Intel has unveiled 48-core processor

San Francisco: Intel's research team has unveiled a 48-core processor that it claims will bring in a new era of immersive, social, and perceptive computing by putting datacenter-style integration on a single chip.

It's not the long-awaited CPU-GPU mashup, Larrabee. This processor, formerly code-named Rock Creek and now known as Single-chip Cloud Computer (SCC), is a research item only. As Intel CTO Justin Rattner emphasized during his presentation on Wednesday to reporters in San Francisco, "This is not a product. It never will be a product." But the SCC does provide an insight into the direction into which Intel is heading - and the path the company is treading is many-cored.

Rattner characterized the many-core future to be more perceptive, saying that, "The machines we build will be capable of understanding the world around them as much as we do as humans. They will see, and they will hear, they will probably speak, and do a number of other things that resemble human like capabilities. And they will demand, as a result, very substantial computing capability."

But the ancestor of those future chips, the SCC, is up and running today - as Rattner pointed out while displaying a multi-die manufacuring wafer. "We're beyond the wafer level. We have packaged and running parts. This is not the typical Intel flash the wafer and then wait six months."

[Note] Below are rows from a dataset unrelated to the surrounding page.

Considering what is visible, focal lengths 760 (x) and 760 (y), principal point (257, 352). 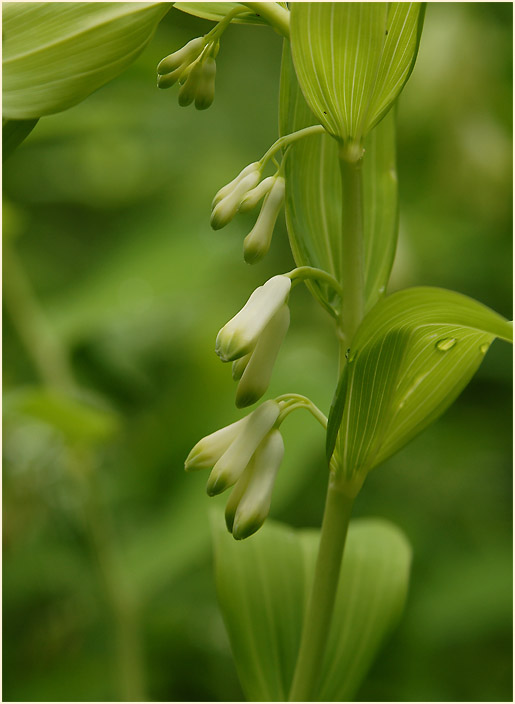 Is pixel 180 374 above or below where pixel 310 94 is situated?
below

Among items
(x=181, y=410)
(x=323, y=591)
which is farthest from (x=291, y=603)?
(x=181, y=410)

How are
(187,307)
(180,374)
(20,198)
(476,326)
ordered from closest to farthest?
(476,326)
(180,374)
(187,307)
(20,198)

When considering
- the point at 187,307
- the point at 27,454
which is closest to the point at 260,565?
the point at 27,454

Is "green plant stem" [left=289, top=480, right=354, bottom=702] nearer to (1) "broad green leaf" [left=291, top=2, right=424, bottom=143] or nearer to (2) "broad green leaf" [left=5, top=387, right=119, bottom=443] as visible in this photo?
(1) "broad green leaf" [left=291, top=2, right=424, bottom=143]

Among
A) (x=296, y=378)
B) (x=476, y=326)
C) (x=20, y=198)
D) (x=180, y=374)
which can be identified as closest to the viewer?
(x=476, y=326)

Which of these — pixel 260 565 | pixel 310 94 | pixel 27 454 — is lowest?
pixel 27 454

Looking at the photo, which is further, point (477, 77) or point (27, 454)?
point (477, 77)

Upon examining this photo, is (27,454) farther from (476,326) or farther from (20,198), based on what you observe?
(476,326)

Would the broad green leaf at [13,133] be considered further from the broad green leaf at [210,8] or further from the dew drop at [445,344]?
the dew drop at [445,344]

The SCC is the second-generation experimental processor in Intel's Tera-scale Computing Research Program, the first being the 80-core Polaris, which it demoed in 2007. While a move from 80 to 48 cores may seem like a step backwards, the SCC has one massive advantage over Polaris: its cores are fully IA-compliant. Polaris was purely a proof-of-concept part. The SCC, by contrast can do actual work - which Rattner and his crew demoed.